Je ne comprends pas votre logique. Vous avez survécu à plusieurs révocations, vous avez accepté de dissoudre votre parti, que le poste de Premier ministre qu’on vous avait offert vous soit retiré, que les conseils que vous donniez n’étaient pas écoutés et vous démissionnez parce que les membres de votre régional vous ont parlé durement…
— Il arrive dans la vie des moments où enough is enough. J’ai de l’amour propre et je n’ai aucune intention de me laisser insulter et humilier, et j’ai préféré démissionner après ce qu’on m’a fait subir. Et les réactions que j’ai eues depuis, des quatre coins du pays, me confortent dans ma décision. On m’a remercié et félicité pour ce que j’ai fait.
Est-ce que votre carrière politique est finie ou est-ce que vous envisagez de la poursuivre ailleurs, au sein d’un autre parti ? Tout d’abord, est-ce qu’il y a un avenir politique pour les personnes âgées de 72 ans ?
— Parmi ceux qui ont dirigé le pays, il y en avait qui étaient beaucoup plus âgés que moi. Nous avons besoin de jeunes avec leur enthousiasme, leurs idées nouvelles, leur énergie pour améliorer la politique. Mais ces jeunes doivent être entourés, encadrés par des personnes d’expérience pour faire la transition entre les générations et faire avancer le pays.
Pensez-vous que l’Alliance de l’Espoir, dont vous ne faites plus partie, a une chance de remporter les prochaines élections générales ?
— Pardonnez-moi de vous corriger. l’Alliance de l’Espoir n’existe pas, n’a pas encore été faite.
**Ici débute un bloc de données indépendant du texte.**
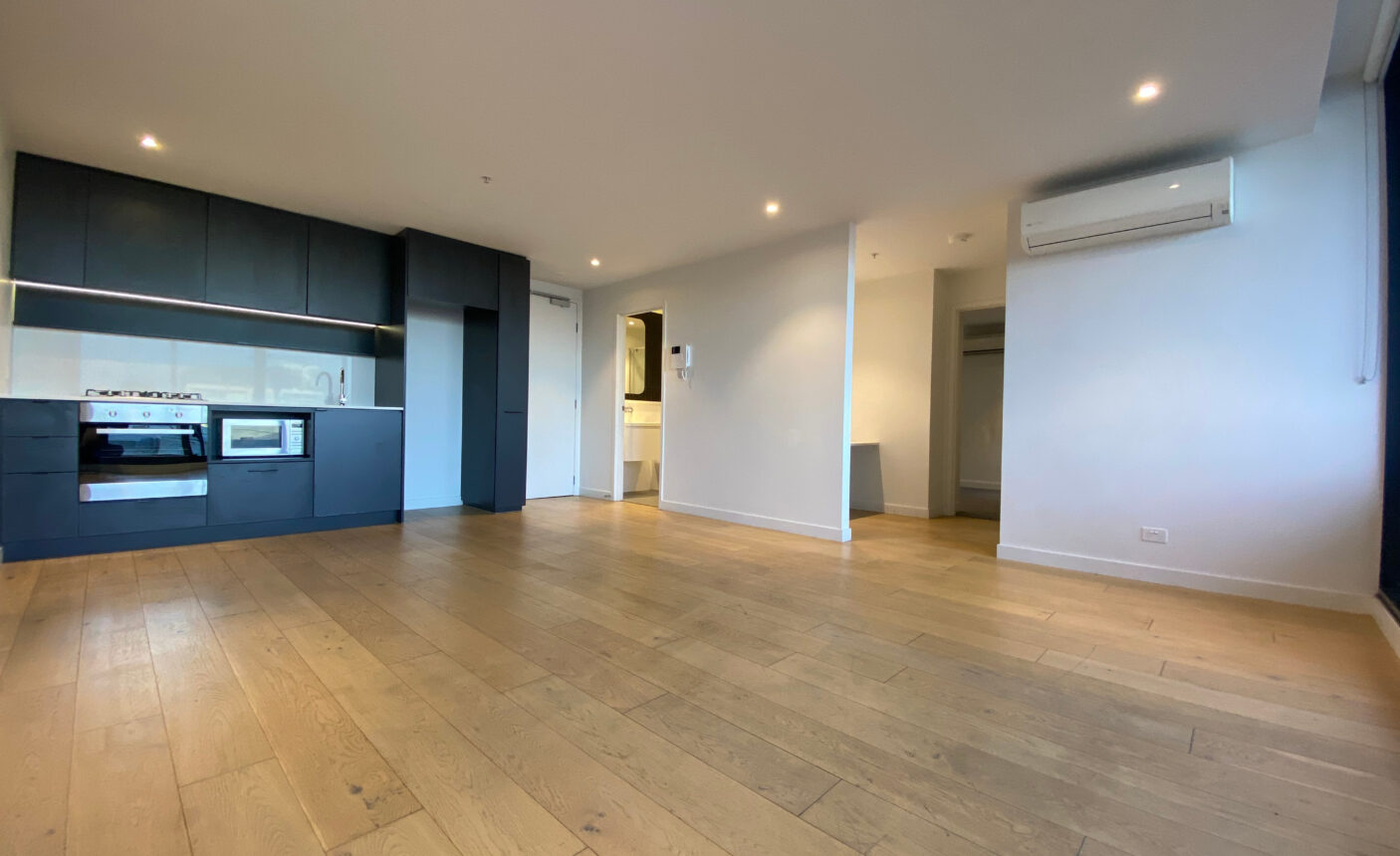 207D/21 Robert Street,  COLLINGWOOD,  VIC 3066 Australia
Il n’y a pour le moment qu’une Entente de l’Espoir sans le Parti travailliste. Si l’alliance est faite avec le PTr, et parvient à remporter les municipales, ce sera de bon augure pour le futur. Mais cette alliance à venir bute encore sur la question de leadership, dans la mesure où certains contestent celui de Navin Ramgoolam.
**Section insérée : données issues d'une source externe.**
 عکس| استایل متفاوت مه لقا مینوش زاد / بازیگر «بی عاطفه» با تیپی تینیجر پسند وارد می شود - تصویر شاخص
Pourriez-vous vous joindre, à l’avenir, à un des partis de l’opposition ?
— J’ai déjà rencontré Xavier Duval, avec qui j’ai eu une longue et bonne conversation. Dès que Navin Ramgoolam sera rentré au pays après son traitement médical réussi en Inde, je me ferai un devoir d’aller le rencontrer pour discuter politique, dans l’intérêt du pays.
Des rumeurs circulent à l’effet que le MSM pourrait vous demander de remplacer Sooroojdev Phokeer au poste de Speaker de l’Assemblée législative…
— Vous venez vous-même de dire que c’est une rumeur. Pour que la rumeur se réalise, il faudrait (i) que le Speaker démissionne ou soit révoqué ; (ii) que la proposition de le remplacer me soit faite et ; (iii) que je l’accepte. Mais avec des si, on pourrait mettre Paris en bouteille !
Et si une offre “digne et sincère” vous était faite, vous pourriez l’accepter ?
— Je ne peux pas me prononcer ou m’engager sur des théories, des hypothèses, des suppositions ou des rumeurs. Je ne peux décider de la suite de ma carrière politique avec des si.
Vous allez donc continuer à faire de la politique ?
— Les réactions positives reçues après ma démission me poussent à me demander s’il faut que je prenne ma retraite politique. Mais je peux déjà vous dire que ma famille préférerait que j’arrête avec la politique. Tout ce que je peux vous dire, c’est que je réfléchis sur les deux possibilités.